The Evening Standard newspaper said detectives were checking "conflicting" witness reports that he may have been killed when he stepped in to break up a fight at the school gates.
Prince was a youth team player at the London Championship club Queens Park Rangers.
His death came a week before the launch of a knife amnesty and has reopened the question of whether British schools need to increase their security.
Police said a 16-year-old boy was seen running away from the incident.
QPR said Prince would be sorely missed.
"He was a great lad, a terrific prospect and it's a huge setback for everyone who knew him," said head of QPR youth Joe Gallen on the club's website.
'Staff and children are devastated'
QPR chairperson Gianni Paladini said the club would do everything it could to help the family through "this terrible time".
The school's principal, Phil Hearne, said staff and children were devastated.
"This was a lovely young man," he said. "He was looked up to by youngsters here, terribly well respected, an extremely reliable, hard working, bright young man - a natural born leader."
Mayor of London Ken Livingstone said he would write to British home secretary John Reid to press for tough sentences for those convicted of knife crime.
Considering airport-style security?
"We need to send a very strong message that if you commit a crime using a knife in this city or you are caught with one in your possession then you will face a very harsh sentence," said Livingstone.
Barnet police commander, chief superintendent Mark Ricketts, said schools should perhaps consider airport-style security checks.
"(Knife crime) is getting everywhere," he told BBC Radio. "Maybe we need to start making some rather extraordinary decisions. Maybe we need the kind of apparatus you see at airports."

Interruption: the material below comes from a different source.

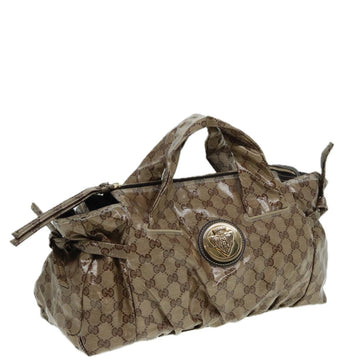 GUCCI GG Crystal Hand Bag Beige 197020 Auth hk1447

Barnet council's Mike Freer said lessons needed to be learnt from the killing, but that he would not want to see schools being turned into fortresses.
"It's a tragic event and our thoughts are with the families and also the school, which is in a state of shock," he said.
"We have to consider everything but I think we have to remind ourselves that schools are not fortresses, they are places of education. We need to try and make sure that our schools stay safe - but they are still schools at the end of the day."